• _Task directions_: Every line from the first one in the listing down to the line with "Rob Zombie Born to Go Insane Black T-Shirt" should be restated word for word.

★ ★ ★ ★ ★

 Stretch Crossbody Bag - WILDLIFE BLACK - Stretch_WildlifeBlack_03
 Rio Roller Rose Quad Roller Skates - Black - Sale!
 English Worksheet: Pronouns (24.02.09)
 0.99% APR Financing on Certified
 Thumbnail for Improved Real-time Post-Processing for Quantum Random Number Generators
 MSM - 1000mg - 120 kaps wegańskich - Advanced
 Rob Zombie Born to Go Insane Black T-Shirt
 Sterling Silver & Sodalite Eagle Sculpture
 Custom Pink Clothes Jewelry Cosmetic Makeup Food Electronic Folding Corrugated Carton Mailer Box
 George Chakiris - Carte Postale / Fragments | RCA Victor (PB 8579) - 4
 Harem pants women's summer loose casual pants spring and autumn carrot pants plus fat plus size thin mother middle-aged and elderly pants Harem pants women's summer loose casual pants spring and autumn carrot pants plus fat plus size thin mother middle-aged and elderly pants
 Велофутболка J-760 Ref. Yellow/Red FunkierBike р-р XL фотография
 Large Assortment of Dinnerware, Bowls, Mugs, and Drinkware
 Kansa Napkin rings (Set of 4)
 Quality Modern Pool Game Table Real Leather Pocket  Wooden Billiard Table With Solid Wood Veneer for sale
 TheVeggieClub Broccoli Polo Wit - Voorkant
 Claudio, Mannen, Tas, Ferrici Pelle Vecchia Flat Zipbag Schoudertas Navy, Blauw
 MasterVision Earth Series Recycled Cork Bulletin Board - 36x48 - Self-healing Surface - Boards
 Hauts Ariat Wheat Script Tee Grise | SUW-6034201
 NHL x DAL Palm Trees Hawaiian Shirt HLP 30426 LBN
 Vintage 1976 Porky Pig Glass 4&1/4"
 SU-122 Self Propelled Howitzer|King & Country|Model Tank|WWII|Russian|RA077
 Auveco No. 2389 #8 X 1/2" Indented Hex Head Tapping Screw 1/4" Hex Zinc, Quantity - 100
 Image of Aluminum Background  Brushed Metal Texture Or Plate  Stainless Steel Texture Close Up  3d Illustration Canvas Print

★ ★ ★ ★ ★

• _Written response_:
 Stretch Crossbody Bag - WILDLIFE BLACK - Stretch_WildlifeBlack_03
 Rio Roller Rose Quad Roller Skates - Black - Sale!
 English Worksheet: Pronouns (24.02.09)
 0.99% APR Financing on Certified
 Thumbnail for Improved Real-time Post-Processing for Quantum Random Number Generators
 MSM - 1000mg - 120 kaps wegańskich - Advanced
 Rob Zombie Born to Go Insane Black T-Shirt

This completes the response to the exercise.